→ What you have to do
Write out exactly the lines of the entries below from the one holding "290 - Star Lot: Original" to the one holding "Photo of 18 Red Bluff Court", inclusive, and leave out all other lines.

→ Given records
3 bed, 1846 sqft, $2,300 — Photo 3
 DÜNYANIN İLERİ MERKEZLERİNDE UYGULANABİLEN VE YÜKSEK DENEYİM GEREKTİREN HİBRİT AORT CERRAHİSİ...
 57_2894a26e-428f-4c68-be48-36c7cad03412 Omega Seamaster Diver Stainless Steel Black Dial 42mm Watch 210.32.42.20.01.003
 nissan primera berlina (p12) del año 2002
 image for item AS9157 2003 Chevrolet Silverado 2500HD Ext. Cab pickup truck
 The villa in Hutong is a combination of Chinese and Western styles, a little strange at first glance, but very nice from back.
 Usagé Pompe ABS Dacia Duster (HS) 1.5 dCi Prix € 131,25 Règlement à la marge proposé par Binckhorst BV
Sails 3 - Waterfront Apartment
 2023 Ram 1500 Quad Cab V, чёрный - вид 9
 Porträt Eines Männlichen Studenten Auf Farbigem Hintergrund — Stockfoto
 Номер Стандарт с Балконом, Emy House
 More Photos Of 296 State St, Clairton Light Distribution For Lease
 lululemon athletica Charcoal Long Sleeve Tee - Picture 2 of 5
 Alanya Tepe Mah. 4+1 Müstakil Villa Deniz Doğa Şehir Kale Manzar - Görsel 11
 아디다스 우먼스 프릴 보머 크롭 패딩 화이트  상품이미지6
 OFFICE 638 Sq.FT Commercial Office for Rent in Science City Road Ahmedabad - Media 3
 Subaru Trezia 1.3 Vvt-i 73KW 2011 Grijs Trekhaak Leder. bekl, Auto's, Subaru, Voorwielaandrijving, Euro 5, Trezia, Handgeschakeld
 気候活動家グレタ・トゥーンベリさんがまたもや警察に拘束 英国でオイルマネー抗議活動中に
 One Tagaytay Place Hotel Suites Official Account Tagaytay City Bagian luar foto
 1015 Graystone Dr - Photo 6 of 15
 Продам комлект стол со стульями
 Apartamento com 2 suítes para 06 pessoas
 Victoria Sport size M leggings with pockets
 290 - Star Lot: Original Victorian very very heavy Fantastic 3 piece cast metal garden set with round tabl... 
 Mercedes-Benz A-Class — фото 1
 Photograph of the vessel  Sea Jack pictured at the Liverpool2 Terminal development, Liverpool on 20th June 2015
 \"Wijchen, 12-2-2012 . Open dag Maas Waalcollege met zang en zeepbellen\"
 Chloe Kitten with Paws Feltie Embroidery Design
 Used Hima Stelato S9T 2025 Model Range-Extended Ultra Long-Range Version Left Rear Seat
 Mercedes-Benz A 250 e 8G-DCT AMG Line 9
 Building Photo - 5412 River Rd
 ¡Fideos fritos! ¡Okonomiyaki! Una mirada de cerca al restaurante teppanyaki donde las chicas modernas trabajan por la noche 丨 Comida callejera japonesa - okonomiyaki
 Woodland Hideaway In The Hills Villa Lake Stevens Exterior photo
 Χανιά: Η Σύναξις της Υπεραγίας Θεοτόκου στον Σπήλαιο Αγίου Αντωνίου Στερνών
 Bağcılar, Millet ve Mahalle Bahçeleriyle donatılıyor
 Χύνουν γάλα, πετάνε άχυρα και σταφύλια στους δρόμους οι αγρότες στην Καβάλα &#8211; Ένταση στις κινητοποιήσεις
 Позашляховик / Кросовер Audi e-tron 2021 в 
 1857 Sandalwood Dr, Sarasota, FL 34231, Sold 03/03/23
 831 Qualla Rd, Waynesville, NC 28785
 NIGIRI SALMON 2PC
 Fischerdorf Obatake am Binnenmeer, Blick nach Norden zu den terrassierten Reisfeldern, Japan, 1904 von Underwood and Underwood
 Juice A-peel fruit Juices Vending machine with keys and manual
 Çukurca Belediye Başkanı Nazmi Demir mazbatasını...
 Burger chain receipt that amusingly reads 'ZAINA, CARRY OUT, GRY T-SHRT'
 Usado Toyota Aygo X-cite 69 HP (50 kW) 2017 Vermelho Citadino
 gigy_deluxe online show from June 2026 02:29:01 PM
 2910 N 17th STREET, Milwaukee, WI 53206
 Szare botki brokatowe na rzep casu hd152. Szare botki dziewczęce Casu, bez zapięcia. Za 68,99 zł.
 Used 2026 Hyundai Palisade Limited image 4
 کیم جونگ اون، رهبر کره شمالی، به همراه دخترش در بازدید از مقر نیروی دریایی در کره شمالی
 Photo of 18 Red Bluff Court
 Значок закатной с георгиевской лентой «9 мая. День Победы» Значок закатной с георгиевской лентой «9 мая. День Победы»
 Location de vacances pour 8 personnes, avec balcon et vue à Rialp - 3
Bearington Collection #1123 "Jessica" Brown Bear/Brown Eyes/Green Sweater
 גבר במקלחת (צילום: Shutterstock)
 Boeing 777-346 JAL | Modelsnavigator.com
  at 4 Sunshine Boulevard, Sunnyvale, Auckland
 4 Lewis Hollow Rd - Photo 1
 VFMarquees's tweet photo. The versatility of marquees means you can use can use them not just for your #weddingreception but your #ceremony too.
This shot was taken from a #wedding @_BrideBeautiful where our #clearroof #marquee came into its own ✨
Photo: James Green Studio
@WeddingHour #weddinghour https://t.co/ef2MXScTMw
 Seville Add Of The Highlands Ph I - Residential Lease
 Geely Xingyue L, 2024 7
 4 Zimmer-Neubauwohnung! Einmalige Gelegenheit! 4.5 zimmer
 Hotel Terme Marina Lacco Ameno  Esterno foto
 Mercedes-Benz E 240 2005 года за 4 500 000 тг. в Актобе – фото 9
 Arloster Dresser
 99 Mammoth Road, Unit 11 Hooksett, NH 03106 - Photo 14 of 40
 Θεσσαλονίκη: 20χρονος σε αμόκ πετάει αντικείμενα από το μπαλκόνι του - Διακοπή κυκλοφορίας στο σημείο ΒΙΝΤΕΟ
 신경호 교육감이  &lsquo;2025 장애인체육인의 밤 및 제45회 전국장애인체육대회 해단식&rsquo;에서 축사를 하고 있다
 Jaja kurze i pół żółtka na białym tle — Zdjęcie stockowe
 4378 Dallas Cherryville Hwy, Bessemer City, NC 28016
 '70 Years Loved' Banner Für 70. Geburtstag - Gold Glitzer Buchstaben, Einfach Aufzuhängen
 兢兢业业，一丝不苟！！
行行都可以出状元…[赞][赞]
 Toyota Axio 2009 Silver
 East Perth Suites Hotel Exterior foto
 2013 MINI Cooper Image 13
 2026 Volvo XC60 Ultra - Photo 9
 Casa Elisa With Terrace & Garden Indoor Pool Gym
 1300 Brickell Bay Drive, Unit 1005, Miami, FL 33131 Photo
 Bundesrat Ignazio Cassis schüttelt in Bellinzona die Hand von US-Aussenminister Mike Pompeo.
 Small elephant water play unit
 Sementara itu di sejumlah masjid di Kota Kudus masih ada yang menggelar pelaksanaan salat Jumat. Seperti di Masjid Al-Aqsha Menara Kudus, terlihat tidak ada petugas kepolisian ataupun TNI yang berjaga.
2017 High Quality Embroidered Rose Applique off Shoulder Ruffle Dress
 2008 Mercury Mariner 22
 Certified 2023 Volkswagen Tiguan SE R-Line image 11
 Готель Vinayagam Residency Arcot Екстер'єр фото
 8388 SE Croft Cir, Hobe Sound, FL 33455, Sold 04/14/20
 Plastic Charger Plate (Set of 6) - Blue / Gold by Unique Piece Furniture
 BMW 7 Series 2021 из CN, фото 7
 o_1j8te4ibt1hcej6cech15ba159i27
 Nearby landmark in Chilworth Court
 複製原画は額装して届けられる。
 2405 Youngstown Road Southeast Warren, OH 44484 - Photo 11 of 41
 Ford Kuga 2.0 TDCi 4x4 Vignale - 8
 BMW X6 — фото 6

→ Exercise solution
 290 - Star Lot: Original Victorian very very heavy Fantastic 3 piece cast metal garden set with round tabl... 
 Mercedes-Benz A-Class — фото 1
 Photograph of the vessel  Sea Jack pictured at the Liverpool2 Terminal development, Liverpool on 20th June 2015
 \"Wijchen, 12-2-2012 . Open dag Maas Waalcollege met zang en zeepbellen\"
 Chloe Kitten with Paws Feltie Embroidery Design
 Used Hima Stelato S9T 2025 Model Range-Extended Ultra Long-Range Version Left Rear Seat
 Mercedes-Benz A 250 e 8G-DCT AMG Line 9
 Building Photo - 5412 River Rd
 ¡Fideos fritos! ¡Okonomiyaki! Una mirada de cerca al restaurante teppanyaki donde las chicas modernas trabajan por la noche 丨 Comida callejera japonesa - okonomiyaki
 Woodland Hideaway In The Hills Villa Lake Stevens Exterior photo
 Χανιά: Η Σύναξις της Υπεραγίας Θεοτόκου στον Σπήλαιο Αγίου Αντωνίου Στερνών
 Bağcılar, Millet ve Mahalle Bahçeleriyle donatılıyor
 Χύνουν γάλα, πετάνε άχυρα και σταφύλια στους δρόμους οι αγρότες στην Καβάλα &#8211; Ένταση στις κινητοποιήσεις
 Позашляховик / Кросовер Audi e-tron 2021 в 
 1857 Sandalwood Dr, Sarasota, FL 34231, Sold 03/03/23
 831 Qualla Rd, Waynesville, NC 28785
 NIGIRI SALMON 2PC
 Fischerdorf Obatake am Binnenmeer, Blick nach Norden zu den terrassierten Reisfeldern, Japan, 1904 von Underwood and Underwood
 Juice A-peel fruit Juices Vending machine with keys and manual
 Çukurca Belediye Başkanı Nazmi Demir mazbatasını...
 Burger chain receipt that amusingly reads 'ZAINA, CARRY OUT, GRY T-SHRT'
 Usado Toyota Aygo X-cite 69 HP (50 kW) 2017 Vermelho Citadino
 gigy_deluxe online show from June 2026 02:29:01 PM
 2910 N 17th STREET, Milwaukee, WI 53206
 Szare botki brokatowe na rzep casu hd152. Szare botki dziewczęce Casu, bez zapięcia. Za 68,99 zł.
 Used 2026 Hyundai Palisade Limited image 4
 کیم جونگ اون، رهبر کره شمالی، به همراه دخترش در بازدید از مقر نیروی دریایی در کره شمالی
 Photo of 18 Red Bluff Court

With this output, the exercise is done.